Aussi fréquemment que possible, Gottwaldt prend des relèvements radiogoniométriques sur la station de T. S. F. de Ny Aalesund. Un relèvement exécuté à 14 heures nous place un peu à l’est de l’estime. Nous modifions alors légèrement le cap.

Pour assurer la bonne marche du ballon, le navigateur communique ses instructions directement au pilote de direction. Constate-t-il une trop forte diminution de la vitesse vraie par l’effet de la brise, il confère avec le météorologiste, les chefs de l’expédition et le commandant du Norge. Si ce dernier estime que des questions de force ascensionnelle ne s’opposent pas à ce que l’on monte plus haut et si les chefs de l’expédition n’élèvent pas d’objection à ce sujet, Riiser-Larsen donne des ordres en conséquence au pilote de profondeur.

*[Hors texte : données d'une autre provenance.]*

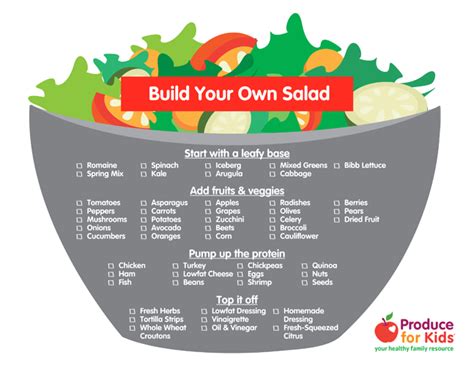 Build Your Own Salad Produce For Kids Great Salad Recipes Kale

Les observations de vitesse et de dérive ainsi que les positions successives du ballon sont communiquées aux chefs de l’expédition et à Nobile. Riiser-Larsen, réunissant les fonctions de second du dirigeable et de navigateur, la situation devient plus simple lorsqu’il remplace le commandant. En raison du faible effectif de l’équipage, Nobile se trouve surchargé de besogne ; de son côté, absorbé par les observations et les calculs, Riiser-Larsen n’a le temps ni d’accomplir les devoirs qui incombent au second, ni de prendre le quart régulièrement ; aussi bien le commandant doit-il faire lui-même les rondes à l’intérieur de l’aéronef, et demeurer ensuite presque constamment dans la nacelle du pilote pour surveiller la marche du ballon. Il dut, par suite, rester debout pendant la plus grande partie du voyage.